The results of our exploratory analysis indicated that OR was not a statistically significant predictor of PFS in BRAIN. Previously, Grant et al.20 demonstrated the lack of a relationship between radiographic response and time to progression in patients with recurrent high-grade glioma. On the other hand, Hess et al.21 reported that response in recurrent glioma was associated with a significant reduction in progression rates, and Jaeckle et al.7 reported that response showed a nonsignificant trend as a predictor of PFS. Since our analyses included only those patients who were alive and progression free at the respective landmarks, there was a sizable decrease in the number of nonresponder and PFS events in the week 18 and 24 analyses.
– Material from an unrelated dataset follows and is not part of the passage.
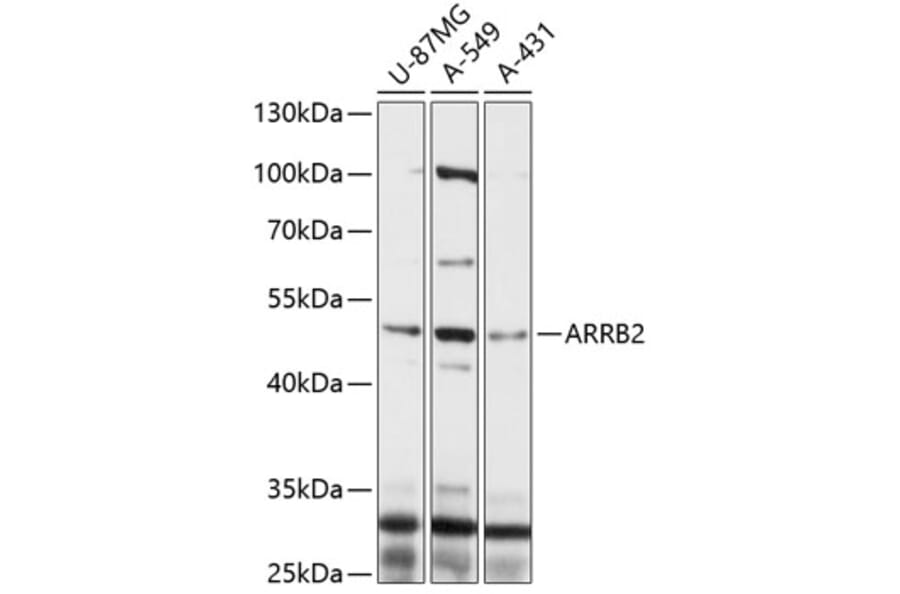 Western Blot - Anti-ARRB2 Antibody (A0142) - Antibodies.com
Consequently, the statistical power was not adequate to detect an association between OR and PFS. Thus, evaluating the relationship between OR and PFS will require a larger data set than BRAIN provides.
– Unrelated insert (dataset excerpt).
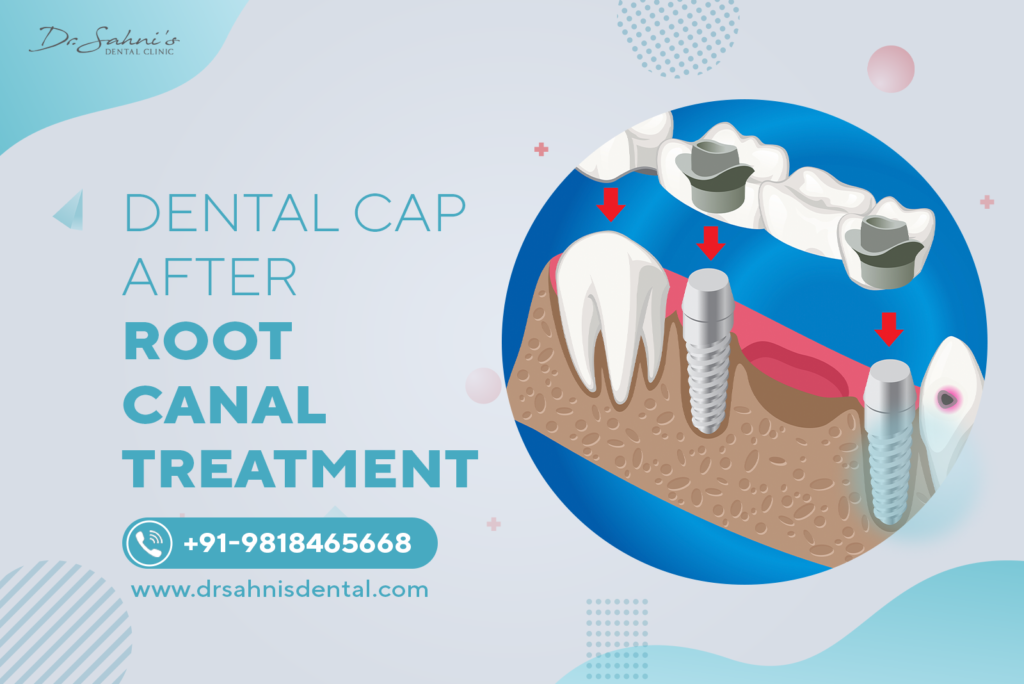 capping after root canal treatment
It should be noted that BRAIN was a small, noncomparative study in which all participants were treated with BEV. Although this allowed us to pool data across treatment arms and to maximize the statistical power of our analyses, the lack of a control arm makes interpretation of time-to-event endpoints, such as OS and PFS, challenging. Likewise, it is important to emphasize that it is not possible to generalize these findings to non-BEV treatment settings. These analyses are a best attempt to evaluate the association between OR and survival in relapsed GBM. They are based on a single study of 167 patients and, as such, do not establish OR as a surrogate for survival in the relapsed GBM setting. Establishing surrogacy would require a comprehensive evaluation of data from multiple large trials. The P-values from these analyses were not adjusted for multiple comparisons, and the observed differences in survival could potentially be confounded by unmeasured/unobserved factors that were neither accounted nor adjusted for. Ongoing phase III trials (eg, Chinot et al.22; RTOG 0825, ClinicalTrials.gov NCT00884741) with concurrent control arms will enable us to fully characterize the survival benefits of BEV in the absence of an OR.
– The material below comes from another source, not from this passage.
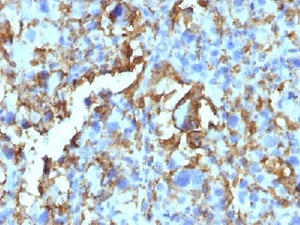 HLA-DRB1 Antibody - IHC: Formalin-fixed, paraffin-embedded human histiocytoma stained with HLA-DRB1 antibody (LN3 + HLA-DRB/1067).  This image was taken for the unmodified form of this product. Other forms have not been tested.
In summary, we demonstrated that OR and PFS (which included patients with stable disease) were statistically significant predictors of survival in BRAIN. Understanding the relationship of OR to survival is important for determining whether OR, in addition to PFS, can provide an early indicator of treatment activity and a reliable predictor of the potential benefit of a therapeutic agent in patients with recurrent GBM. The ultimate goal of therapy is to extend survival. Determining the demographic and clinical characteristics of responders and the molecular characteristics of their tumors will be helpful in designing trials and identifying those patients who are likely to obtain the greatest benefit from BEV therapy.
Conflict of interest statement. M.P. is an advisor of Genentech without compensation; T.C., P.Y.W., and H.S.F. have a paid consulting relationship with Genentech; M.S. is a full-time employee of Genentech, Inc.; L.F. is a Roche stockholder and Genentech is a member of Roche; T.M. is a moderator, Advisory Board; D.S. served on Genentech advisory board; L.E.A. received honoraria from Genentech; N.P. has a paid consulting relationship with Scientific Advisory Board, Genentech; M.K.N. served on 2 advisory boards for Genentech, the goal of each being discussion of the emerging role of Avastin in GBM; A.D. is an employee of Genentech.
This work was supported by Genentech, Inc.